Task to complete: Make an exact copy of all the data, pictures excluded.
═════ Recorded information
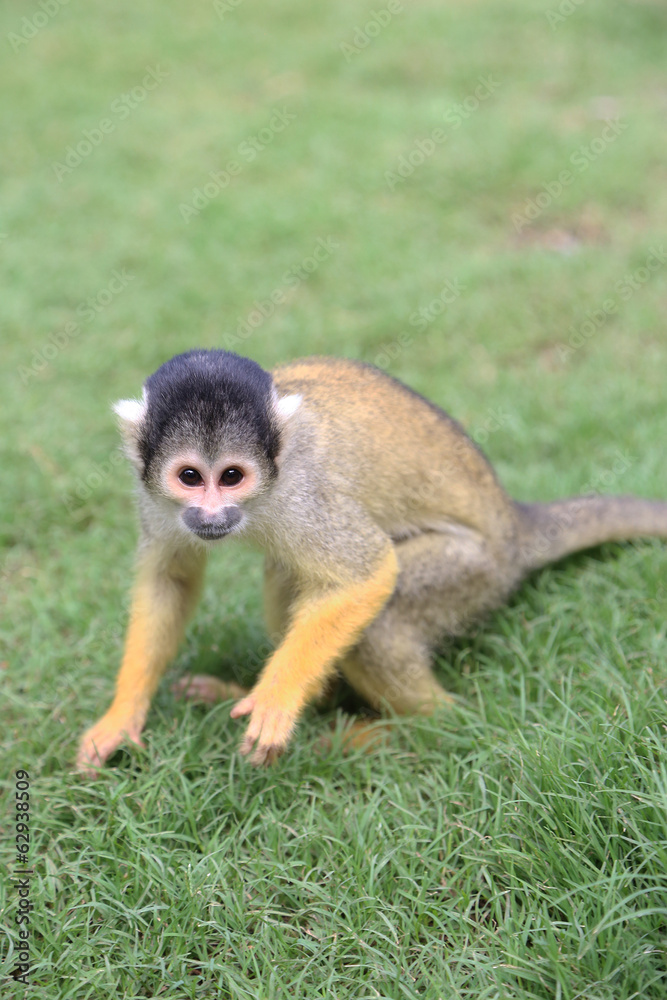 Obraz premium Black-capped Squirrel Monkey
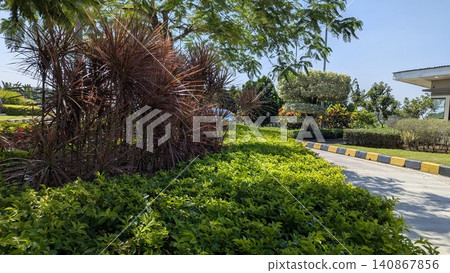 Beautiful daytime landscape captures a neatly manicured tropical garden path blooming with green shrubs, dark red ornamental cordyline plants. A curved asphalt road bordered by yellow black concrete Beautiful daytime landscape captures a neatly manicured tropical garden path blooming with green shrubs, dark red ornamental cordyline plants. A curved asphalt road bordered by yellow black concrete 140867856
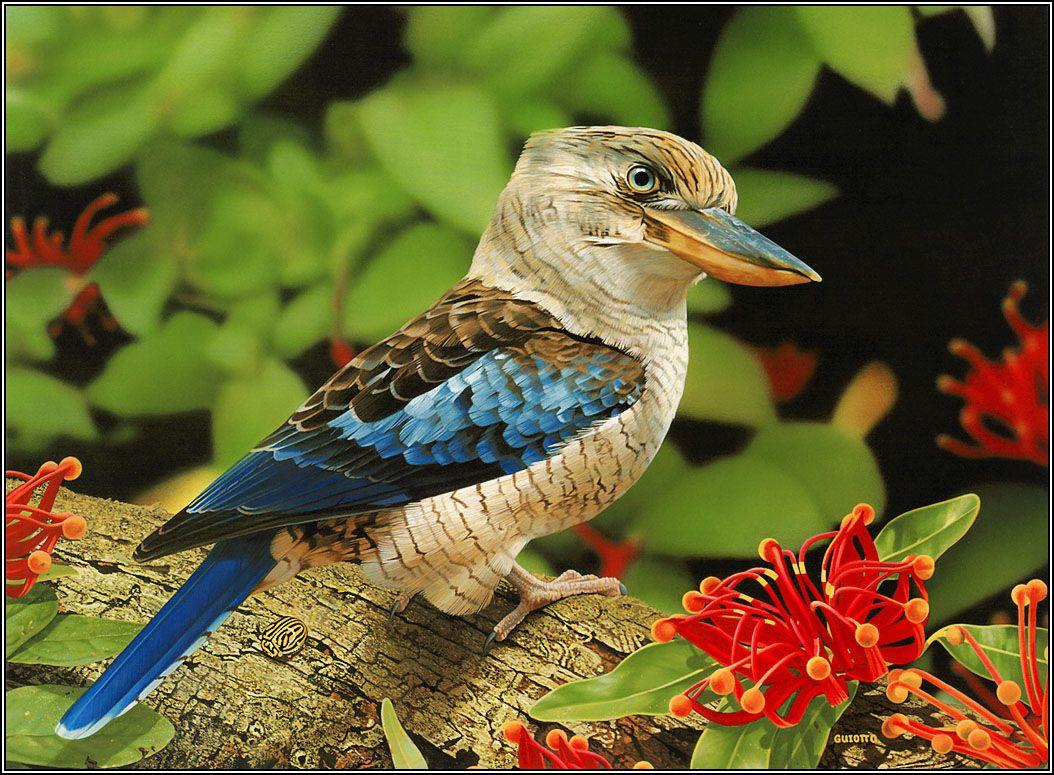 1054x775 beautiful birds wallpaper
══════════
Finished task:
 Obraz premium Black-capped Squirrel Monkey
 Beautiful daytime landscape captures a neatly manicured tropical garden path blooming with green shrubs, dark red ornamental cordyline plants. A curved asphalt road bordered by yellow black concrete Beautiful daytime landscape captures a neatly manicured tropical garden path blooming with green shrubs, dark red ornamental cordyline plants. A curved asphalt road bordered by yellow black concrete 140867856
 1054x775 beautiful birds wallpaper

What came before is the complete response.